But Hans Bruno Fröhlich, pastor of Sighisoara's oldest church, says that by building Dracula Land, the town would be glamorizing evil. The name Dracula derives from the word draco, meaning either dragon or devil.

"As pastor and a practicing Christian, I don't think the idea is good. You can build a theme park, but not one that attacks Christian values," said Fröhlich.

Concerns About Drugs and Satanic Sects

The Lutheran clergyman is also worried about what visitors the park might attract. He says that the town's medieval festival, which attracted 30,000 people this summer, also brought drugs and satanic sects into Sighisoara's idyllic, cobblestoned lanes.

Fröhlich opposes the project on other grounds, as well. For one, the project would mean the destruction of a nature preserve with centuries-old oaks to make way for the hilltop city.

He also questions the rosy economic forecasts for the town, which is located in the middle of Romania and served by a transportation infrastructure lagging far behind international standards.
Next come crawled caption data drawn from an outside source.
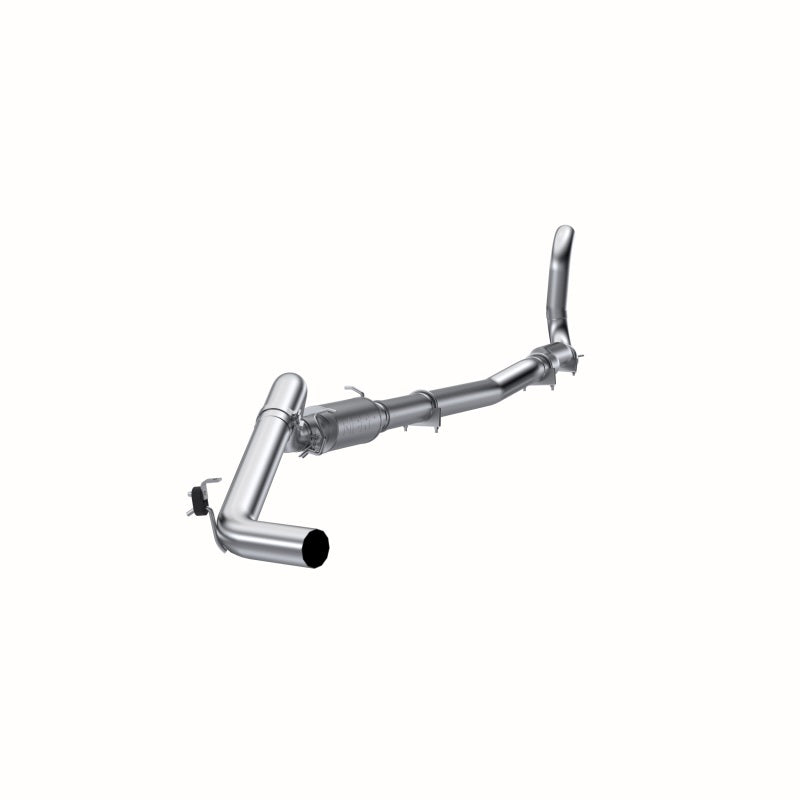 MBRP Dodge 2500/3500 Cummins 5.9L 4WD ONLY Turbo Back P Series Exhaust
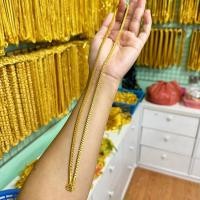 ราคา สร้อยคอ ล้อแม็กซ์ 3 ล็อค 123 บาท (19103980252)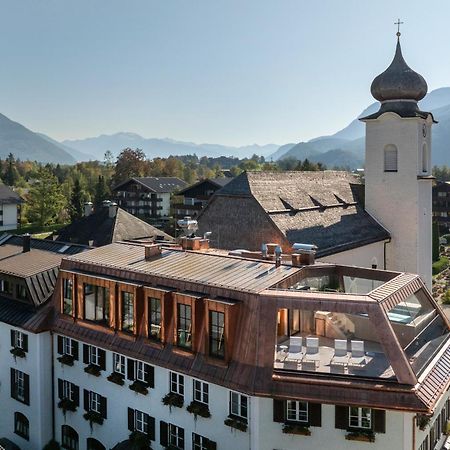 Kirchenwirt Hotel Strobl Luaran gambar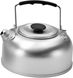 Чайник туристический Easy Camp Compact Kettle 0.9L Silver (580080) 929838 фото 1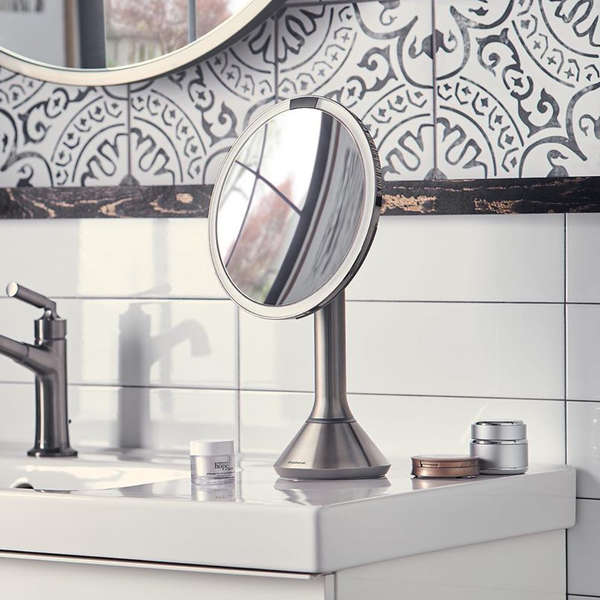 10 Best Makeup Mirrors Rank Style, Best Lighted Vanity Makeup Mirror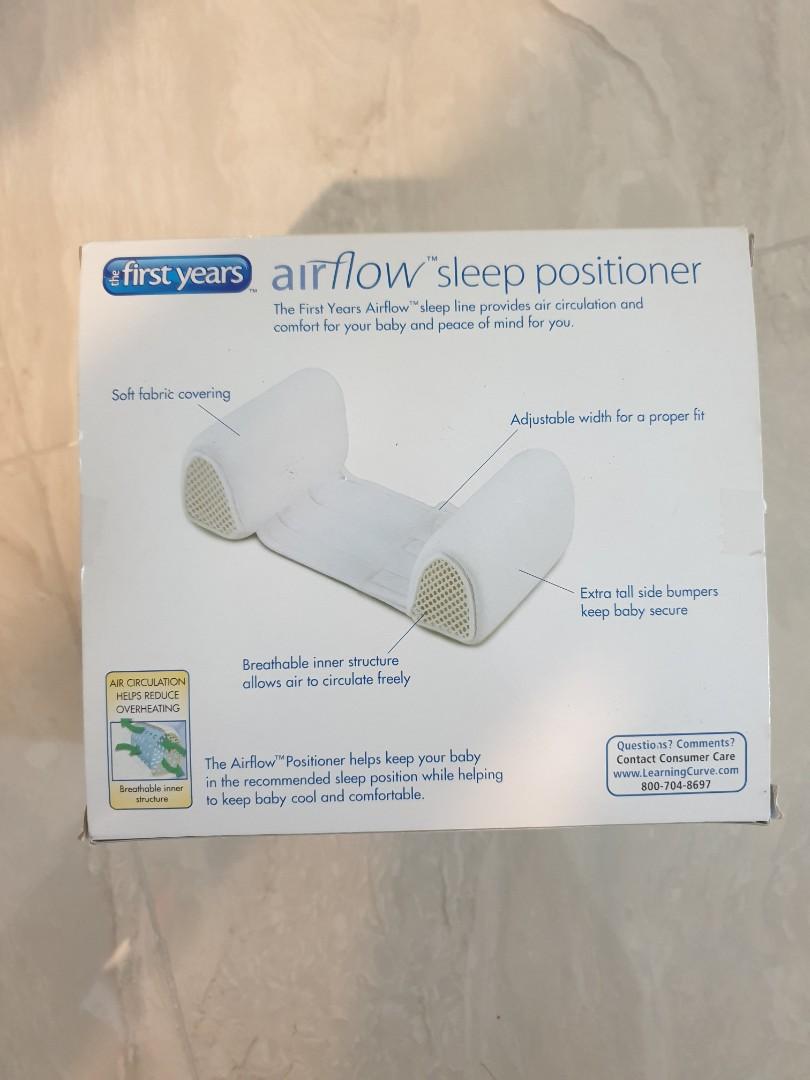 The first years airflow sale sleep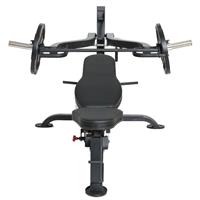 Powertec Workbench MultiPress with Isolateral Arms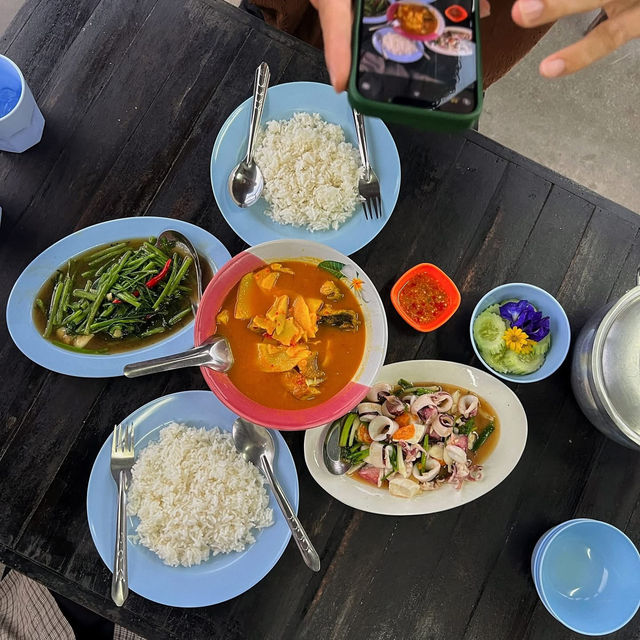 ร้านอาหาร ภูเก็ต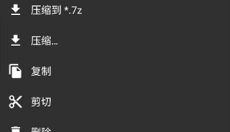老外管理器蓝色版 截图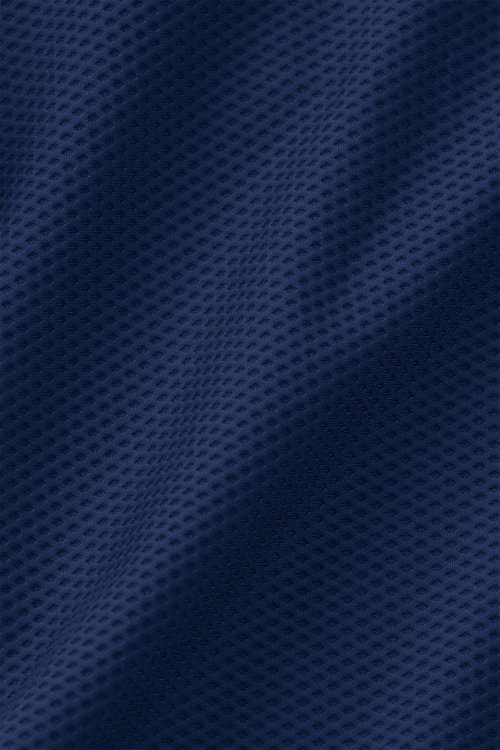Air Quarter Zip // Blue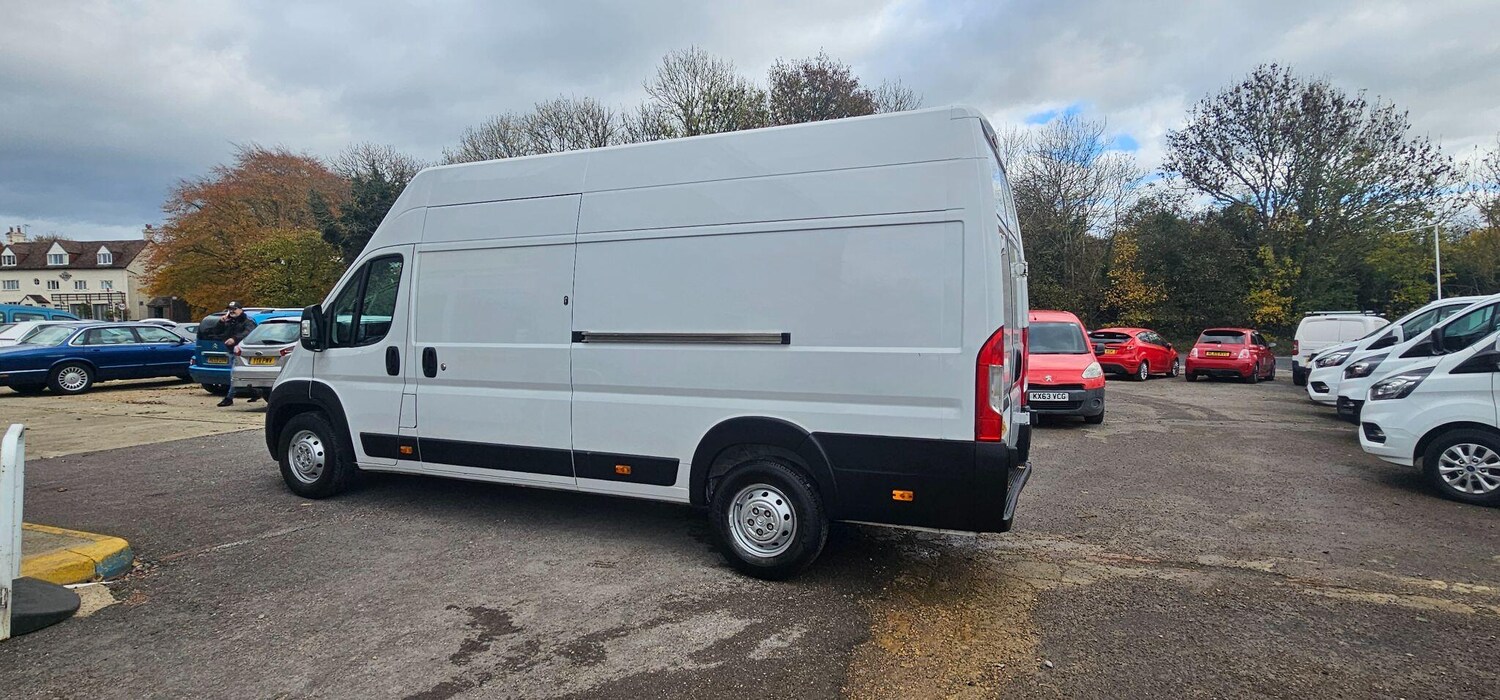 Used Citroen Relay 2021 for sale - 76388640: Photo 3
Even if busloads of tourists were to descend on Sighisoara, Fröhlich maintains that most of the town's residents would merely feel an increase in the cost of living.

Lastly, the pastor claims that a theme park would create the impression that Dracula actually built the town, while in reality it was constructed in the Middle Ages by settlers from Germany, the ancestors of Romania's dwindling ethnic-German minority, to which Fröhlich belongs.

"For what price do you give up your culture?" he asks. "I'm a simple pastor. I can't reverse government decrees or projects that have the backing of influence and money. But I do have common sense."

Fröhlich recently made a last-ditch appeal to Sighisoara's mayor, and he says he will try to rally support from the town's other churches.

In the meantime, preparations for Dracula Land continue. The final plans are to be followed by international bidding for building contracts. Construction of the project is projected to begin next spring.